> [Task item]: Would you return, word for word, the lines of the data below from the line with "crazy asian slut" through the line with "Arturia KeyLab 88", and no others?

> [Supplied material]:

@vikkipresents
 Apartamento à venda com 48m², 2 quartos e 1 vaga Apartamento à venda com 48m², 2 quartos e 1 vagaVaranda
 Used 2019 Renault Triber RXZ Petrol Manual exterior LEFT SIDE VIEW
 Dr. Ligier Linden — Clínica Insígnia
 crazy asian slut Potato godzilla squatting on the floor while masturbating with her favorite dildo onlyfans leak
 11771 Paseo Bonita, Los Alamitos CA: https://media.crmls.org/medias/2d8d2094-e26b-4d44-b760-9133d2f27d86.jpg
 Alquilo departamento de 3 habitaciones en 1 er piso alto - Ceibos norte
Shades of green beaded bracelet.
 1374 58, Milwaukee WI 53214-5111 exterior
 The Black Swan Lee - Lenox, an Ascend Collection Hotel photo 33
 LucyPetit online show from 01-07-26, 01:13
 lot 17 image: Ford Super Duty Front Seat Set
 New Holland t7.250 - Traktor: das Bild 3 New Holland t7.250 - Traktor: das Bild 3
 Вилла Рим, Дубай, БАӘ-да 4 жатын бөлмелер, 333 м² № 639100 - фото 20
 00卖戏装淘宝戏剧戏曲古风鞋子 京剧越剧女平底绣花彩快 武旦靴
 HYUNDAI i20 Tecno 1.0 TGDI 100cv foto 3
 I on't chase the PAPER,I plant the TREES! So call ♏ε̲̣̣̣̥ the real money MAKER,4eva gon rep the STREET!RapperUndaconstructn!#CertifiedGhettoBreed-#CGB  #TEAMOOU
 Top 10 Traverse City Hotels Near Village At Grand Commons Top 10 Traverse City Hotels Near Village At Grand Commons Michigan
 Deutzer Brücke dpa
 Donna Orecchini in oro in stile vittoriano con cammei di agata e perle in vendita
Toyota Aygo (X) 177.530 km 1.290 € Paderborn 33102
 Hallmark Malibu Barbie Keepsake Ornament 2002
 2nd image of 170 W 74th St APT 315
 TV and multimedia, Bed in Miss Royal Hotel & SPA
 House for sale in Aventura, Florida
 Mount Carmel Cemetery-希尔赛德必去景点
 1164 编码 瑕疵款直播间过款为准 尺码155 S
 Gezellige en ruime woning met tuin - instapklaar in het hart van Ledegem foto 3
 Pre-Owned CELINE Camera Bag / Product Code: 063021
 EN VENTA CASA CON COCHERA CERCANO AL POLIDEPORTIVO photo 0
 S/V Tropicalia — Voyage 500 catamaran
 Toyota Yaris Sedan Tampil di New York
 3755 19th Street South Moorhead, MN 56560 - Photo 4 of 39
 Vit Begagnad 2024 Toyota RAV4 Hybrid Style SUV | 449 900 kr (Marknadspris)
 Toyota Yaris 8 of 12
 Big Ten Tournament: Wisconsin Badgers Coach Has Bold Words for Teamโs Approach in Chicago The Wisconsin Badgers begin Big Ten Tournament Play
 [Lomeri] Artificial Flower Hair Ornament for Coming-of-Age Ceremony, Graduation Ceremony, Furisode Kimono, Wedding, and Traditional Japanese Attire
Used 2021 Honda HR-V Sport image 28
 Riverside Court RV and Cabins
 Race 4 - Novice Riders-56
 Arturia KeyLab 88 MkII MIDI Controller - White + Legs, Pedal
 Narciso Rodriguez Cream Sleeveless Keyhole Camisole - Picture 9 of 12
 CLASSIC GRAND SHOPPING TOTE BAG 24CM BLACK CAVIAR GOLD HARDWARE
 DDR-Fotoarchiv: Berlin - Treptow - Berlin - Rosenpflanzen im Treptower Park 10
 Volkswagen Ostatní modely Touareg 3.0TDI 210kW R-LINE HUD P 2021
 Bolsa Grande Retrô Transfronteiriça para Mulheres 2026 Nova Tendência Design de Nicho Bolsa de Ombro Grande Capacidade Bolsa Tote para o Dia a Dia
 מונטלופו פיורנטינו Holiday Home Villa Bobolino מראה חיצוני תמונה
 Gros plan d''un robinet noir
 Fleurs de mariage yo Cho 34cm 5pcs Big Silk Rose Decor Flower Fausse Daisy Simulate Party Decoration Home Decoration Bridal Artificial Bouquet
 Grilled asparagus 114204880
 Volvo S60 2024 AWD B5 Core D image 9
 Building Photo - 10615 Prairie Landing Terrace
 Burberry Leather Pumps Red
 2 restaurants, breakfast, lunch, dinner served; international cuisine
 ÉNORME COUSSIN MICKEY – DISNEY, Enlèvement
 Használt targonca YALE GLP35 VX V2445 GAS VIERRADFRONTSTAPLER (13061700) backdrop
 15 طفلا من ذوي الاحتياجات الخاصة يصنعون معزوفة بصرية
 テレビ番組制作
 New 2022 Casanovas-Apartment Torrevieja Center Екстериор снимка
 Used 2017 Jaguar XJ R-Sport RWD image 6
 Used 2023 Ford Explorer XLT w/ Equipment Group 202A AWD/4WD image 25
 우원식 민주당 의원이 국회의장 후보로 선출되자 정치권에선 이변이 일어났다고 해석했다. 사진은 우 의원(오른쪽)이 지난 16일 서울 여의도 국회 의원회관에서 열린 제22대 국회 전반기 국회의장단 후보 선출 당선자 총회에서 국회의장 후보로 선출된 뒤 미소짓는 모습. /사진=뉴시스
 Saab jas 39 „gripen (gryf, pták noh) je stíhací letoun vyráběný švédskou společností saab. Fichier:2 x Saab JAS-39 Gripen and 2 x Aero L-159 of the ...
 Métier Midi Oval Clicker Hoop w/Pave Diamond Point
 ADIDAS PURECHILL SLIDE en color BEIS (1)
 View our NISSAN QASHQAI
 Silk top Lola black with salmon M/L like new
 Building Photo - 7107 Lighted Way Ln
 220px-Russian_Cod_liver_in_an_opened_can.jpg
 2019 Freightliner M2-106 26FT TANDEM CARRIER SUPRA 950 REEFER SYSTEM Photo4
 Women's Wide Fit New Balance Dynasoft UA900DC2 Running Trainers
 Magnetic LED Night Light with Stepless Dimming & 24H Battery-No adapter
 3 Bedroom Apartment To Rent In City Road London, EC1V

> [Answer box]:
 crazy asian slut Potato godzilla squatting on the floor while masturbating with her favorite dildo onlyfans leak
 11771 Paseo Bonita, Los Alamitos CA: https://media.crmls.org/medias/2d8d2094-e26b-4d44-b760-9133d2f27d86.jpg
 Alquilo departamento de 3 habitaciones en 1 er piso alto - Ceibos norte
Shades of green beaded bracelet.
 1374 58, Milwaukee WI 53214-5111 exterior
 The Black Swan Lee - Lenox, an Ascend Collection Hotel photo 33
 LucyPetit online show from 01-07-26, 01:13
 lot 17 image: Ford Super Duty Front Seat Set
 New Holland t7.250 - Traktor: das Bild 3 New Holland t7.250 - Traktor: das Bild 3
 Вилла Рим, Дубай, БАӘ-да 4 жатын бөлмелер, 333 м² № 639100 - фото 20
 00卖戏装淘宝戏剧戏曲古风鞋子 京剧越剧女平底绣花彩快 武旦靴
 HYUNDAI i20 Tecno 1.0 TGDI 100cv foto 3
 I on't chase the PAPER,I plant the TREES! So call ♏ε̲̣̣̣̥ the real money MAKER,4eva gon rep the STREET!RapperUndaconstructn!#CertifiedGhettoBreed-#CGB  #TEAMOOU
 Top 10 Traverse City Hotels Near Village At Grand Commons Top 10 Traverse City Hotels Near Village At Grand Commons Michigan
 Deutzer Brücke dpa
 Donna Orecchini in oro in stile vittoriano con cammei di agata e perle in vendita
Toyota Aygo (X) 177.530 km 1.290 € Paderborn 33102
 Hallmark Malibu Barbie Keepsake Ornament 2002
 2nd image of 170 W 74th St APT 315
 TV and multimedia, Bed in Miss Royal Hotel & SPA
 House for sale in Aventura, Florida
 Mount Carmel Cemetery-希尔赛德必去景点
 1164 编码 瑕疵款直播间过款为准 尺码155 S
 Gezellige en ruime woning met tuin - instapklaar in het hart van Ledegem foto 3
 Pre-Owned CELINE Camera Bag / Product Code: 063021
 EN VENTA CASA CON COCHERA CERCANO AL POLIDEPORTIVO photo 0
 S/V Tropicalia — Voyage 500 catamaran
 Toyota Yaris Sedan Tampil di New York
 3755 19th Street South Moorhead, MN 56560 - Photo 4 of 39
 Vit Begagnad 2024 Toyota RAV4 Hybrid Style SUV | 449 900 kr (Marknadspris)
 Toyota Yaris 8 of 12
 Big Ten Tournament: Wisconsin Badgers Coach Has Bold Words for Teamโs Approach in Chicago The Wisconsin Badgers begin Big Ten Tournament Play
 [Lomeri] Artificial Flower Hair Ornament for Coming-of-Age Ceremony, Graduation Ceremony, Furisode Kimono, Wedding, and Traditional Japanese Attire
Used 2021 Honda HR-V Sport image 28
 Riverside Court RV and Cabins
 Race 4 - Novice Riders-56
 Arturia KeyLab 88 MkII MIDI Controller - White + Legs, Pedal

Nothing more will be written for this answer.